• Task statement
Word for word, reproduce the listing that follows, excluding any pictures it contains.
————————
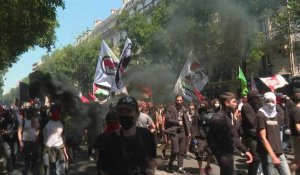 Paris: des milliers de manifestants rendent hommage à Clément Méric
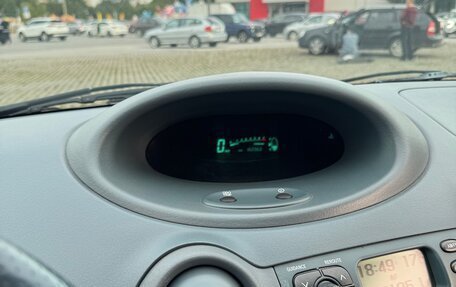 Toyota Yaris I рестайлинг, 2000 год, 299 000 рублей, 16 фотография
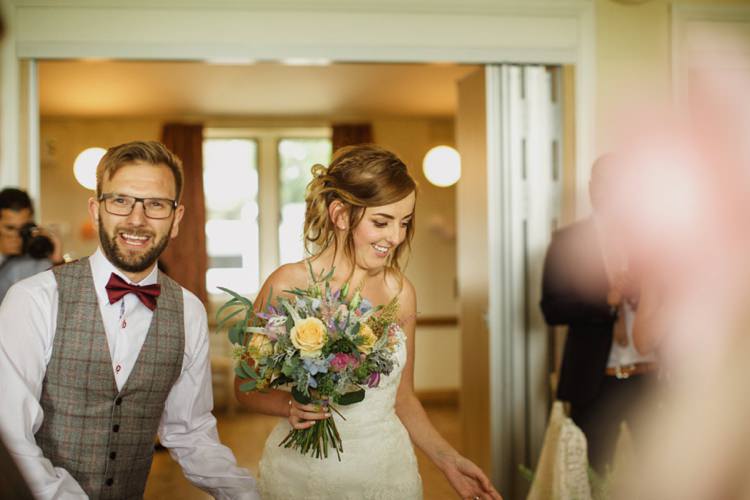 Summer Country Pastels Wedding http://jesspetrie.com/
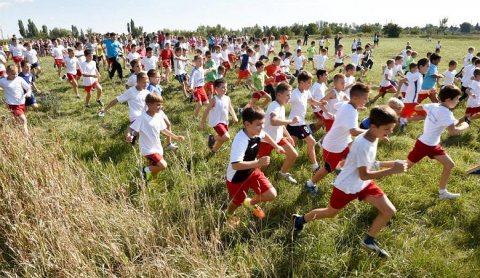 FODISZ Diákolimpia Bács-Kiskun megyei Mezei Futóverseny 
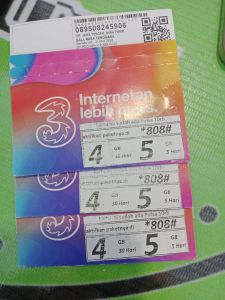 Kartu perdana Tri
————————
• Result of the task
 Paris: des milliers de manifestants rendent hommage à Clément Méric
 Toyota Yaris I рестайлинг, 2000 год, 299 000 рублей, 16 фотография
 Summer Country Pastels Wedding http://jesspetrie.com/
 FODISZ Diákolimpia Bács-Kiskun megyei Mezei Futóverseny 
 Kartu perdana Tri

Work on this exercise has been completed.